Thank you for that post. It is very important, especially parts C and D, and
I 100% agree with all that you have written.

I also considered using a "more comprehensive solution" that you suggest,
but similarly have no time to implement it. BTW, I have no problems with
sending to Microsoft, or Yahoo, or any other big recipients, except Google.
That's the only one that is problematic.

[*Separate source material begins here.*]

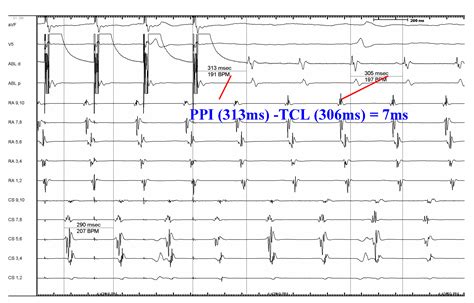 Atrial Flutter — Diagnosis, Management and Treatment | IntechOpen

Of course I fell into the usual
t-online block for unknown servers, but this has been resolved pretty
quickly.

The problem with implementing this is that many companies use Google for
hosting their mail, so it should be used not only for destinations at
gmail.com, but also for various other domains - you have to first check if a
MX for a given domain is at Google, and it must be done with an external
script, as Postfix's destination-based transport choice cannot check for MX,
it can only literally check for recipient's domain (there were requests on
Postfix list about such feature, and Wietse explained why it would be
hard/impossible to implement with current Postfix architecture).

The smaller problem (but still a problem for me anyway) would be that the
messages would not come "From:" my original address, but "From:" the "relay"
address I set up at Gmail.

BTW, as for your remark regarding Google requiring an account to access
Postmaster Tools - I don't know if it's still possible, but at the time when
I created my Google account (it was quite a few years ago), it was possible
to create it without simultaneously creating a Gmail account - you could
just enter any existing email when registering an account, and so I did,
registering the account for very this "r...@rafa.eu.org" email address, and
this is the account I use to access Postmaster tools. So basically my email
address should be "known" for Google for years, yet it still sometimes
refuses to accept mail from it (sometimes, as the problem is intermittent -
sometimes mail gets through fine, but sometimes not).

My "temporary" solution is what I already described - I keep a backup
domain, rafa.krakow.pl (which is basically, from email point of view, just
an alias for rafa.eu.org - all email sent to x...@rafa.krakow.pl goes to
x...@rafa.eu.org, both are hosted on the same server) and resend the message
from that domain when it doesn't get through to Google. From that alternate
domain it usually does get through.

As for more general topics in your email (ie. points C and D), I fully
agree, as I already wrote.

Thank you.
-- 
Regards,
   Jaroslaw Rafa
   r...@rafa.eu.org
--
"In a million years, when kids go to school, they're gonna know: once there
was a Hushpuppy, and she lived with her daddy in the Bathtub."